Foto Archivo El Tiempo

52 / Modelo para armar

La influencia de Cien años de soledad, cincuenta y dos años después de su publicación.
Orlando Oliveros Acosta

Cuando este 5 de junio agote sus últimas horas, pasarán exactamente cincuenta y dos años desde que fue publicada la primera edición de Cien años de soledad. 7.940 ejemplares que en las calles de Buenos Aires se vendieron como salchichas. Se dice que uno podía caminar por entre los puestos de revistas y encontrar la novela exhibida junto con los tabloides de la farándula; hacer una fila en el supermercado y tropezarse con una persona leyéndola; comer en un restaurante y descubrir que en alguna mesa del perímetro, alguien la había puesto sobre el mantel. El fenómeno fue tan inesperado que luego de seis ediciones y 73.623 libros vendidos en menos de un año, la Editorial Sudamericana se sintió ridícula imprimiendo 5.924 nuevos ejemplares para exportar.

De modo que fue cuestión de meses para que la obra de Gabriel García Márquez se tomara el mundo. Cuando Carlos Fuentes leyó el manuscrito de la novela le escribió una carta desesperada a Julio Cortázar en la que confesaba haber leído el “Quijote americano”. Mario Vargas Llosa se sintió tan poseído por la trama que terminó graduándose de su doctorado con una tesis sobre Macondo. Incluso Jorge Luis Borges, que acostumbraba a enaltecer clásicos remotos como la Ilíada o la Divina Comedia, comentó que la saga de los Buendía ya era, con apenas trece años de circulación, “uno de los grandes libros, no solo de nuestro tiempo, sino de cualquier tiempo”.

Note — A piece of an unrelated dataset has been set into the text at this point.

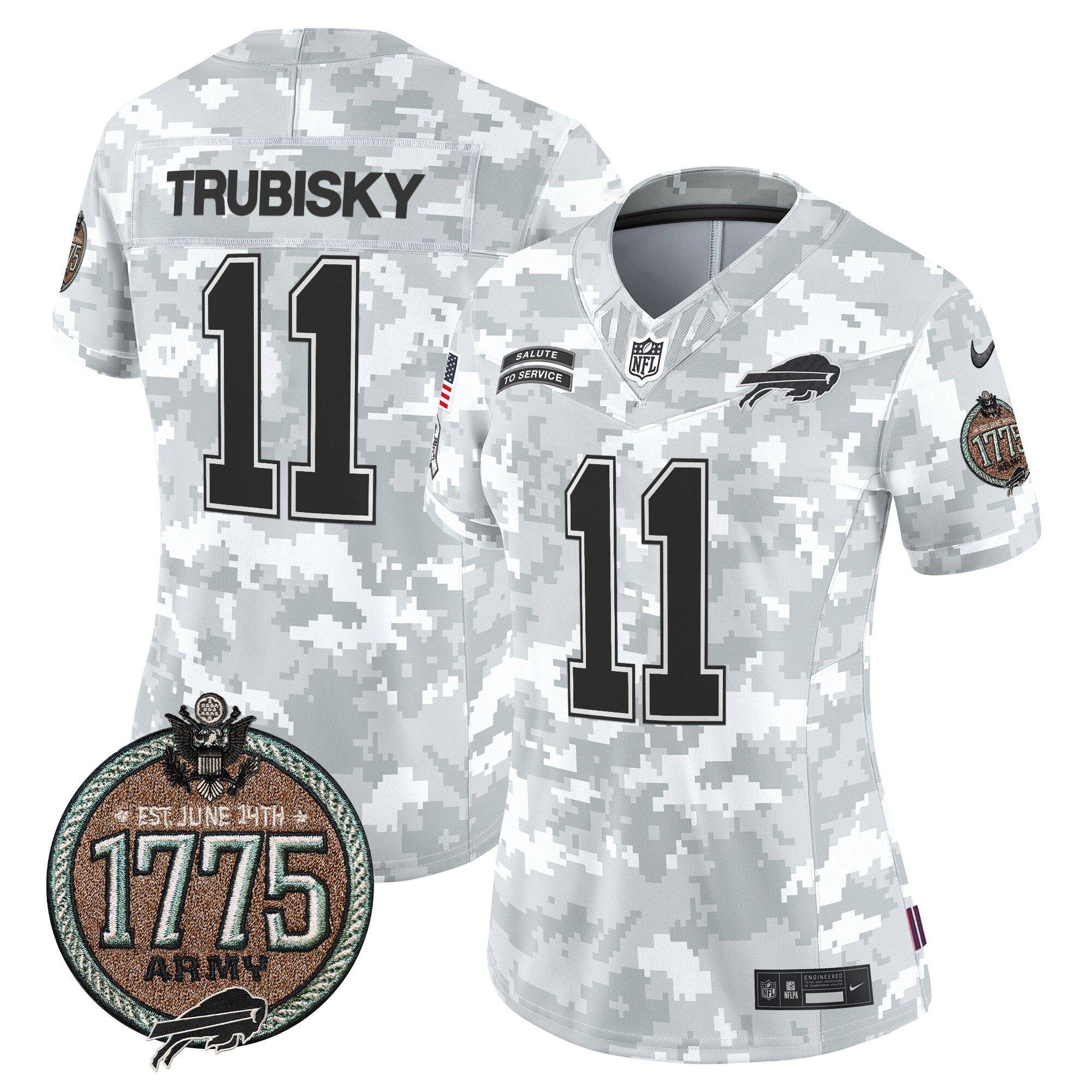 Mitchell Trubisky Women's Buffalo Bills 2024 Salute to Service Establishment Year Patch Vapor Limited Army Jersey - All Stitched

Esta novela, como en el cuento “Tlön, Uqbar, Orbis Tertius”, se apoderó de la realidad. Tanto así, que si uno visita el pueblo natal de su autor (Aracataca), encontrará que en el letrero oficial de la población también figura el nombre “Macondo”. Si en Colombia ocurre algún suceso fantástico y cotidiano, este se estudia dentro del realismo mágico. Si, por ejemplo, todos los habitantes de un barrio ganan la lotería con un número que hallaron en el fondo de una taza de café o en la tumba de un cantante de vallenatos, se habla entonces de un acontecimiento macondiano. En una entrevista de 1971 para la revista Excelsior, García Márquez comenta, entre asustado y divertido, que muchas de las cosas que ha escrito pasaron primero en sus páginas que en el mundo real. “Cada vez me convenzo más de que hay que inventar las cosas al revés, porque terminan siendo ciertas”, dijo. “En Los funerales de la mamá grande relaté un viaje del Papa a una aldea colombiana y once años después el Papa vino a Colombia”. Para esa misma época, en Barranquilla, un muchacho de veintisiete años declaró a los medios que tenía algo más que los demás hombres: una cola cerdo.

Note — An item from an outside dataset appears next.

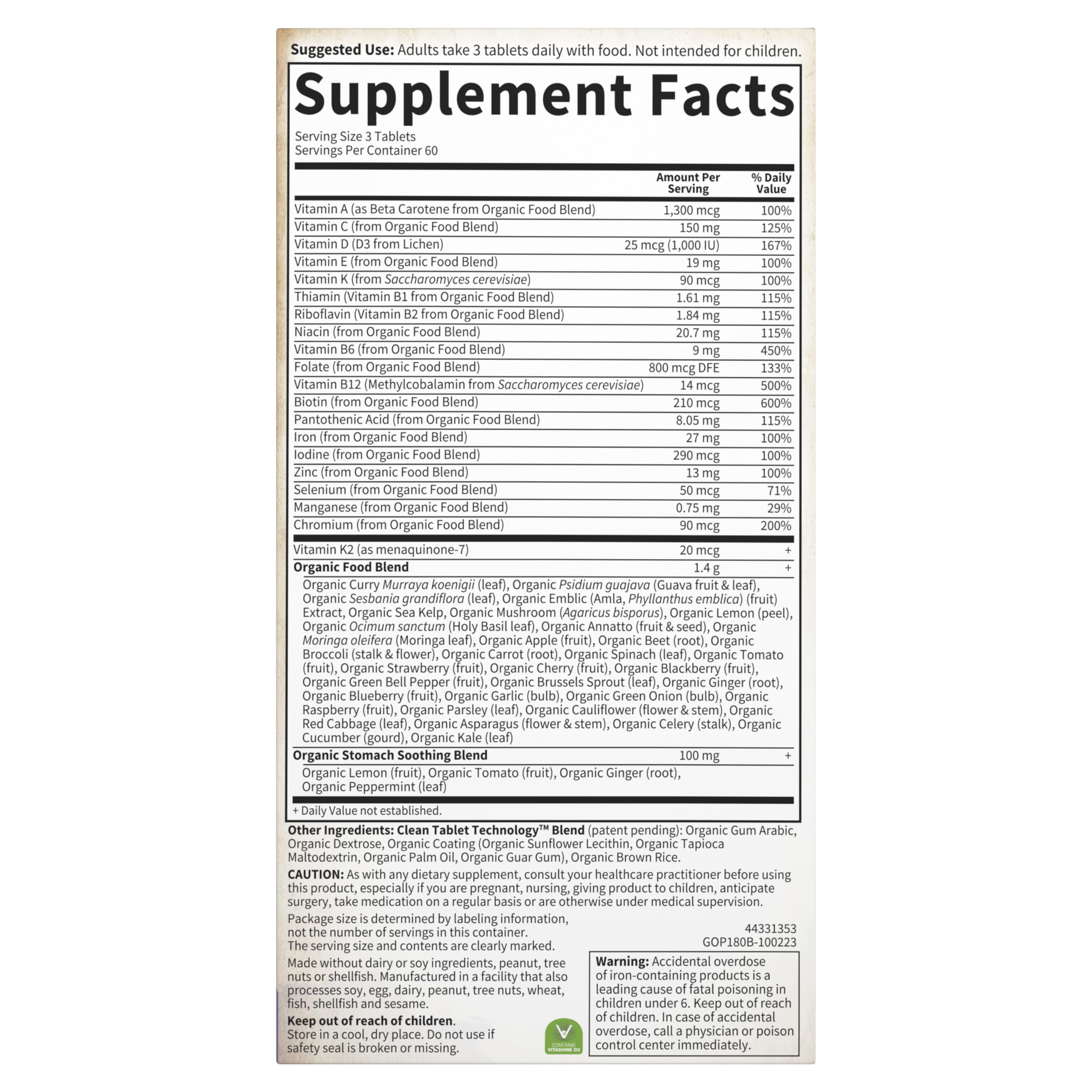 Garden of Life Organics Mélange fruits et légumes – nutrition issue d’aliments entiers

La verdad es que Cien años de soledad ejerce una autoridad tan fascinante sobre sus lectores que es inevitable experimentar la caída del muro que separa la ficción de la historia. Se trata de un libro que con cincuenta y dos años de antigüedad sigue constituyendo un modelo para armar la vida cotidiana.

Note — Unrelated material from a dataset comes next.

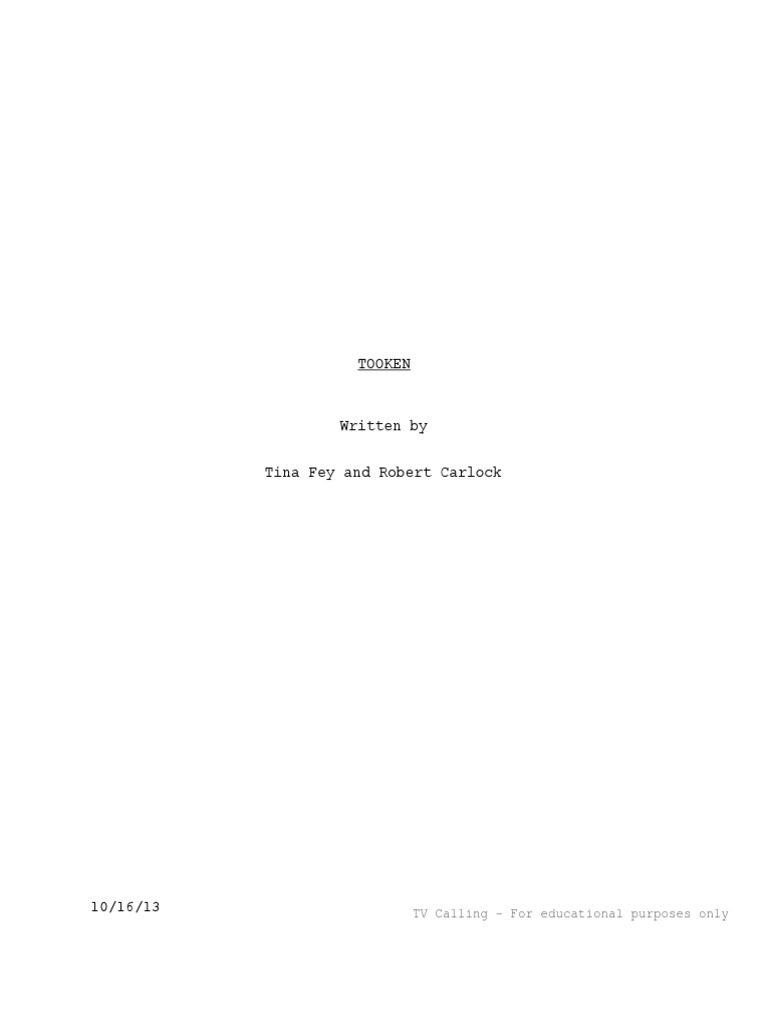 NETFLIX Unbreakable Kimmy Schmidt Pilot Script PDF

En Latinoamérica, con singular énfasis en Colombia, hay quienes aprenden a conocer a sus propios familiares a través de las historias inventadas por García Márquez. Yo he comprendido a mi padre en la figura de José Arcadio Buendía y su aventura fallida de desentrañar el oro de la tierra usando los imanes de Melquíades. Hace unos veinte años, cuando mi hermano y yo teníamos que coger un bus en la madrugada para ir al colegio, mi papá nos acompañaba hasta la avenida con un martillo en la mano. La herramienta no era para defendernos de los ladrones sino para arrancar en el asfalto unas plaquitas brillantes que, según mi viejo, eran espuelas de oro que los galleros habían dejado caer en sus continuos viajes por la ciudad. Resulta que las espuelas siempre eran fragmentos de latas de cerveza aplastadas por algún camión. Pero mi papá seguía llevando su martillo y nosotros viéndolo arrancar aquel oro que solo tenía valor en los sueños de sus hijos. Recuerdo que él permanecía en cuclillas en la carretera, rascando el suelo cuando no había tráfico. Durante esos meses sufrí con la idea de que algún día lo iban a atropellar y que yo viviría con el remordimiento de verlo por última vez en medio del camino, rodeado por los destellos de sus minerales imaginarios. Nueve años más tarde leí Cien años de soledad y hallé a mi padre. Ahí estaba, entre la página 7 y 8 de una edición setentera del Círculo de Lectores. No me costó trabajo entender su aventura.